President Joe Biden meets with U.S. Senator Shelley Moore Capito, R-W.V. to talk about passing an infrastructure bill on Wednesday, June 2, 2021 in the Oval Office of the White House. (Official White House Photo by Adam Schultz)
Politicians renege on promises frequently, but what, asks the WSJ in an editorial, should voters make of a deal in which one side is pulling a bait and switch?
That was the astonishing news Thursday as President Biden and Speaker Nancy Pelosi endorsed a bipartisan Senate infrastructure deal even as they said the price of their support is getting the rest of their agenda too.
Mr. Biden stood with five Democratic and five Republican Senators at the White House and endorsed their trillion-dollar infrastructure outline. Back-slapping and self-plaudits all around.
But two hours later the President said he won’t sign the infrastructure bill unless the Senate also passes the other $3 trillion or more he has proposed in tax increases and multiple new entitlement programs.
From Joe Biden:
We had a really good meeting. And to answer your direct question, we have a deal. And I think it’s really important — we’ve all agreed — that none of us got what we — all that we wanted. I clearly didn’t get all I wanted. They gave more than, I think, maybe they were inclined to give in the first place.
But this reminds me of the days we used to get an awful lot done up at the United States Congress. We actually worked with one — we had bipartisan deals. Bipartisan deals means compromise.
One of the things that I’ve — I’ve made clear: I’ve signed on — and I’m going to let them give you the detail because — and you can ask them — and I’m — I will — I will talk to you all later, in the next hour or two. What- — I promise you I’m not going away.
James Freeman in “Best of the Web” promises not to try to interpret Biden’s last paragraph.
Clearly the overall thrust of his remarks was that he and the senators had reached an agreement in which nobody got everything they wanted. But within hours he was back demanding everything he wanted.
More bad news is that even if the president sticks to the deal he struck with the senators, it won’t be kind to taxpayers.

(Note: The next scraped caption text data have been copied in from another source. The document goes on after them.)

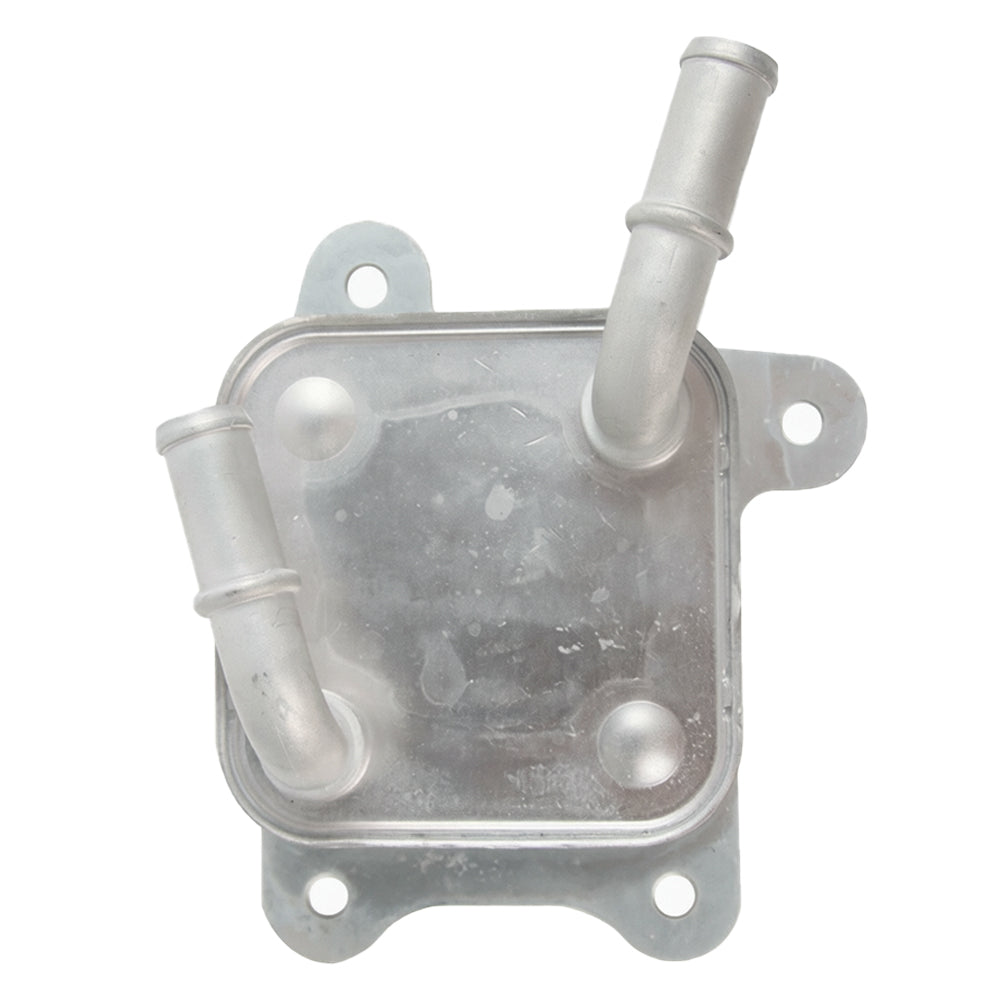 Engine Oil Cooler Assembly Suitable for Mitsubishi L200 Triton KJ KK KL 2015–-2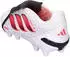 Adidas Predator League Fold-Over Tongue AG weiß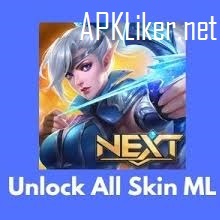 Unlock All ML Skin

Even without most of the phony Biden redistribution programs labeled as “infrastructure,” the plan still isn’t going to build that much infrastructure.
At the Cato Institute, Chris Edwards explains why U.S. interstate highway system construction costs, not readily explained by material or labor costs, have risen dramatically since the mid-20th century.
Federal spending on infrastructure comes tied to labor and environmental rules that raise costs and slow projects. Federal DavisBacon labor rules generally require that workers on federally funded projects be paid union‐level wages, which raises wage costs an average of about 20 percent. Federal environmental rules delay highway projects.
The authors of a report prepared for the Obama administration found that the average review time for highway projects increased from 2.2 years in the 1970s to 6.6 years by the 2010s.
Biden’s plans would likely raise costs and slow projects further.